Storms Kill 23 in Midwest

At least 23 people have been killed in the US midwest in ferocious storms that have rained grapefruit-sized hailstones and sent tornadoes through Tennessee leaving a 25-mile trail of destruction and 19 people dead.

The Storm Prediction Centre in Oklahoma reported 63 tornadoes across a string of midwestern states, from Arkansas in the south to Iowa in the north.

Witnesses said the storms had come down shortly after nightfall last night accompanied by hailstorms and roaring winds.

Donnie Smith, of the Tennessee emergency management agency, said most of the 19 people who died in the state's Gibson and Dyer counties had been killed at their homes, and that the death toll could be expected to rise. One family of four had been killed in a house in the north-west of the state,he said.

In Newburn, Tennessee, Betty Sisk crouched in a cupboard with her two children while a twister destroyed her wooden house, leaving behind nothing but her concrete front steps.

"In the Arkansas town of Lafe, Dean Rollings told the Jonesboro Sun how he had watched tornadoes approaching him. "We stood in the parking lot and watched the clouds spin, coming from two different directions," he said.

"Then, we could hear the roaring sound. As we stood in the door, the winds picked up debris, and we saw the other one come in another direction within minutes."

The extreme conditions wiped out power to tens of thousands of people in the midwest as far north as the suburbs of Chicago, and knocked down the wall of a clothing store close to the Missouri city of St Louis while shoppers cowered inside.

Tom Lewis told CBS news he had herded customers to the back of the shop after he saw the storm approach.

"It looked pretty ominous outside," he said. "It's just a big rolling mass of cloud, and it's really green behind it, usually carrying hail and rain."
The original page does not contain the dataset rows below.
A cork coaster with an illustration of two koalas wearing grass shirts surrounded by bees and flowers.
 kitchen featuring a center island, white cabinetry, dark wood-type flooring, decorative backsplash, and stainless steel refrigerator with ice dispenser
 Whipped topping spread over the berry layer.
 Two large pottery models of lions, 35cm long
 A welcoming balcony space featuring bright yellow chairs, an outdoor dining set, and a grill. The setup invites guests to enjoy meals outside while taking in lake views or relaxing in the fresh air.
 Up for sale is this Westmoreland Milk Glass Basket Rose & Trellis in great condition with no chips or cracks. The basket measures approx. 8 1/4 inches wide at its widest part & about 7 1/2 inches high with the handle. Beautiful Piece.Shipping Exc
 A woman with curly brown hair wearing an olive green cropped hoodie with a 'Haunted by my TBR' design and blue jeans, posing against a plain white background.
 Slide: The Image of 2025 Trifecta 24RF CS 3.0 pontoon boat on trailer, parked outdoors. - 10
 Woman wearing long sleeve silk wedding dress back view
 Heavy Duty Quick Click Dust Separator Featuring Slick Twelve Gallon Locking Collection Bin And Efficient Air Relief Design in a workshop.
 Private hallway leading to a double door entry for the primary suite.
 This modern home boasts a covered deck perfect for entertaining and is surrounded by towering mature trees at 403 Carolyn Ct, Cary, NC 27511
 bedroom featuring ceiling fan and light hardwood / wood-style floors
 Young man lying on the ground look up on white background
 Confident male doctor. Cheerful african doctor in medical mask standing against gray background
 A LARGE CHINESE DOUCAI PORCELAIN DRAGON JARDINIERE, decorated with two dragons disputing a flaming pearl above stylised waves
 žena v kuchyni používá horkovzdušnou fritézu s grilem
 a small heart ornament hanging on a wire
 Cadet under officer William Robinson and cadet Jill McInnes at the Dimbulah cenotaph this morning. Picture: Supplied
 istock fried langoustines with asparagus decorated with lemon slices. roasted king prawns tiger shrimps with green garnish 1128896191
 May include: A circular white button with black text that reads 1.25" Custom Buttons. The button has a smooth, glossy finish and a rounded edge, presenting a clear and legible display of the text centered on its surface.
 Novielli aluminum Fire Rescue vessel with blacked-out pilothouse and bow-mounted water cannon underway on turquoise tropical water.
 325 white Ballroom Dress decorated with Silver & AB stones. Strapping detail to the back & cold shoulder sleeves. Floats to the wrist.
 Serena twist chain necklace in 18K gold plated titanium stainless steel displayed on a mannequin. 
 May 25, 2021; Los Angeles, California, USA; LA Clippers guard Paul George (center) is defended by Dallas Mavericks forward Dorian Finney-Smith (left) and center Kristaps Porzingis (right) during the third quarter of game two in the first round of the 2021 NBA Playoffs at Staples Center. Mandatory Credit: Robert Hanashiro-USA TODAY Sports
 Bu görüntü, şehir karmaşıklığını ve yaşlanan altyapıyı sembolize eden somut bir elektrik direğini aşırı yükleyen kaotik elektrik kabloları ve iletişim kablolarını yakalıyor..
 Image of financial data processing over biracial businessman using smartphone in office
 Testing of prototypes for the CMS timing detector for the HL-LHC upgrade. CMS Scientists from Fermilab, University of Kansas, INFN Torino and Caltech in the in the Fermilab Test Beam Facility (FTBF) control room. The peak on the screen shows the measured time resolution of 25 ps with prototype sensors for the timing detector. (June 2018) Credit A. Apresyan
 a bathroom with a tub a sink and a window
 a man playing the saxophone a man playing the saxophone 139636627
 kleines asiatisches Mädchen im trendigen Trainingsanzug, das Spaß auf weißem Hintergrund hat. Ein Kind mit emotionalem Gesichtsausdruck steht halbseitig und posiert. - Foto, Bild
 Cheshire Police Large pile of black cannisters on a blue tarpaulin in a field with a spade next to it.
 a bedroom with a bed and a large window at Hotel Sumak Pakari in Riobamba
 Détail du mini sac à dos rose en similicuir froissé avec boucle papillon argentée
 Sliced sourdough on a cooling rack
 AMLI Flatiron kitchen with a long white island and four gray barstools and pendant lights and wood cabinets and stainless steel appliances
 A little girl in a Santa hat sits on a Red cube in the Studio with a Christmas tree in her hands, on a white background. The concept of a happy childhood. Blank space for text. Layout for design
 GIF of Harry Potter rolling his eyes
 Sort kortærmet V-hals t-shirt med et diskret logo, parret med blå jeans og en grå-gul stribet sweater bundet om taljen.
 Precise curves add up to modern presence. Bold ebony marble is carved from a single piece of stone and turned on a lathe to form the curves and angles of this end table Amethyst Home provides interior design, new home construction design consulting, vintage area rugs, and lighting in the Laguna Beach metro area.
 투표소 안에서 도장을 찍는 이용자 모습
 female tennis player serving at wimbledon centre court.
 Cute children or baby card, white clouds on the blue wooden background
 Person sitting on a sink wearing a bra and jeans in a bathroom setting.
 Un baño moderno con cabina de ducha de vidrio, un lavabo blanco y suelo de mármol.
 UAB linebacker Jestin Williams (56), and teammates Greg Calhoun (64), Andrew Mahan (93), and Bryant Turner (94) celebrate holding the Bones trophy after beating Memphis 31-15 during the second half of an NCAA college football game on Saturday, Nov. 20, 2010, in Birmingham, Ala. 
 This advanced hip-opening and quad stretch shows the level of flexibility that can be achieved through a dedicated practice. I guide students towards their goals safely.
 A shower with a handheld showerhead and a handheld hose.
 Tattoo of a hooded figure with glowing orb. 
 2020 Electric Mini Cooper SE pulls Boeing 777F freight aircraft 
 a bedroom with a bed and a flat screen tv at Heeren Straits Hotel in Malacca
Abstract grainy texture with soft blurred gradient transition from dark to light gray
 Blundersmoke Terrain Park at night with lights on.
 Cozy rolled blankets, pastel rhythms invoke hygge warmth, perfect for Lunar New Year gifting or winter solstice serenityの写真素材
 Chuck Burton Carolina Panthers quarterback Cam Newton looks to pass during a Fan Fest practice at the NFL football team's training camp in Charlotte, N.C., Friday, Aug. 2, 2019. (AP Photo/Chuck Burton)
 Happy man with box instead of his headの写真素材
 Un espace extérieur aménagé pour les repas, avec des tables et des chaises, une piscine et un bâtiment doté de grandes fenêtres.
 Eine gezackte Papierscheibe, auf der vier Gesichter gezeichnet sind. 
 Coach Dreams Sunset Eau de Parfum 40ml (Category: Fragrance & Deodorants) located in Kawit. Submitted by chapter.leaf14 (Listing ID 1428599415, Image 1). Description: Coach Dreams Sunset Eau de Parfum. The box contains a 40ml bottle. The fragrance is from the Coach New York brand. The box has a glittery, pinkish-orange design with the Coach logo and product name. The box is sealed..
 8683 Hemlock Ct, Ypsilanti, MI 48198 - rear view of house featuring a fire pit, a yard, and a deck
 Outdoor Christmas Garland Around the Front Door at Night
"As soon as we got inside, the windows started to shimmer, to shake, and that's when I yelled at my wife and son and everybody to get back to the back of the building ... By the time we reached the rear of the building, that's when the wall collapsed, right where the cash registers are."

April is considered to be the most dangerous month for storms in "tornado alley", a strip of states along the course of the Mississippi-Missouri river that sees some of the most dangerous tornado activity in the world.

The worst storm to hit the US, the Tri-State Storm of 1925, killed 695 people in Missoiri, Illinois and Indiana.